Reviewed: July 19, 2005
By: Robert B. Parker
Publisher: Berkley Publishing Group
304 pages, $10.99

Six Krispie Kreme donuts might not seem like a big retainer for a case involving a 28 year old murder, but Spenser has a soft spot for Paul Giacomin, who has sort of been his ward since he was in his teens, so when Paul arrives with Daryl Silver, an actor in his most recent stage play, Spenser listens to her request.

Daryl's mom was killed in a bank robbery when Daryl was just a child. The case was never solved, and Daryl has developed a burning need for closure. Spenser issues what is a fairly standard warning for him, that once he begins a case he will finish it, even if the client doesn't want him to. Daryl obviously wasn't listening hard enough while he was speaking.
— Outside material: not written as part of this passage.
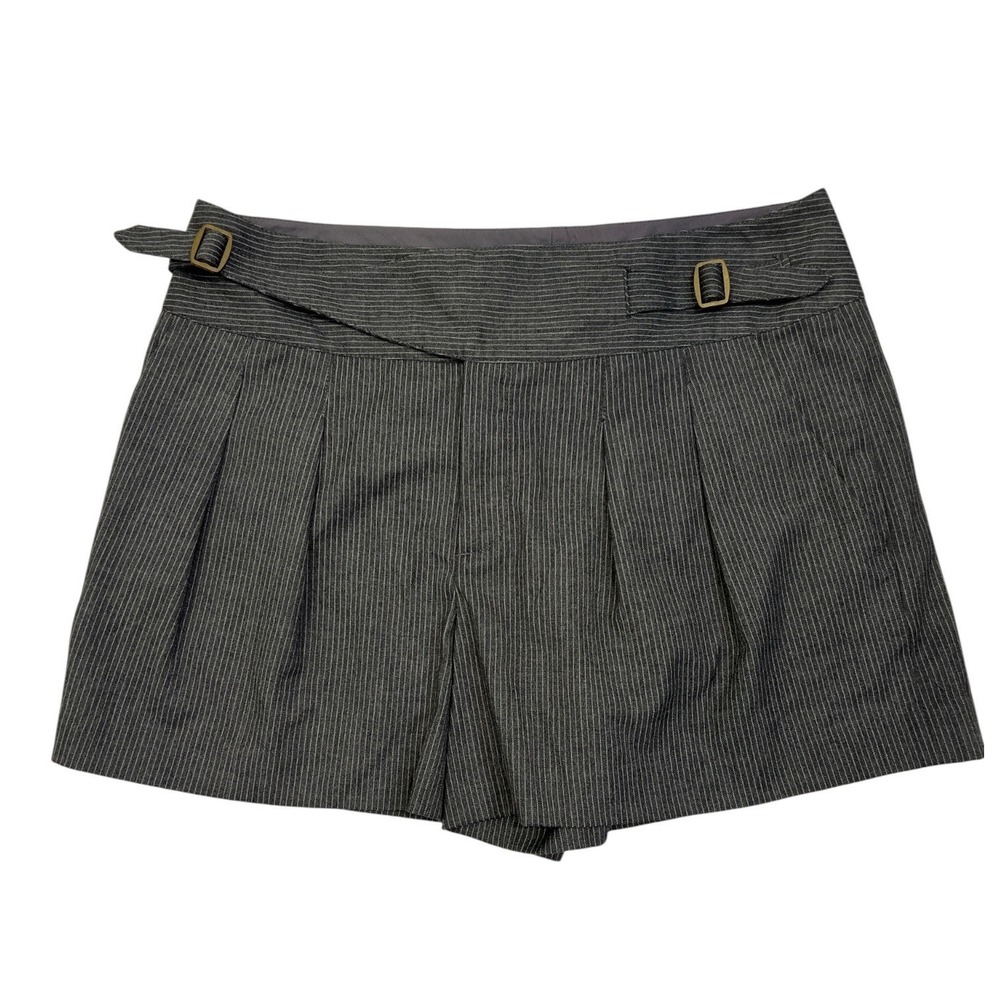 Cidra | Anthropologie Pin Stripe Gray Shorts Belted Size‎ 14 Casual Summer Chic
In the course of the story Daryl learns more than she really wants to know about her background, her parentage, and the circumstances of her mother's death.

In a very short time Spenser learns a number of very confusing things and receives a number of warnings from some very serious sounding people. He should walk away from this case or he will be hurt. Clearly, they don't know him very well - haven't been reading the books. Several people die. None of them are Spenser, or Hawk, who has joined him for backup at at point.

Once the bad guys get really stupid and threaten Susan Silverman, it is clear that they are not intelligent people and that they are pretty desperate about hiding the secret of Emily Gold's death. That alone is enough to make Spenser more curious.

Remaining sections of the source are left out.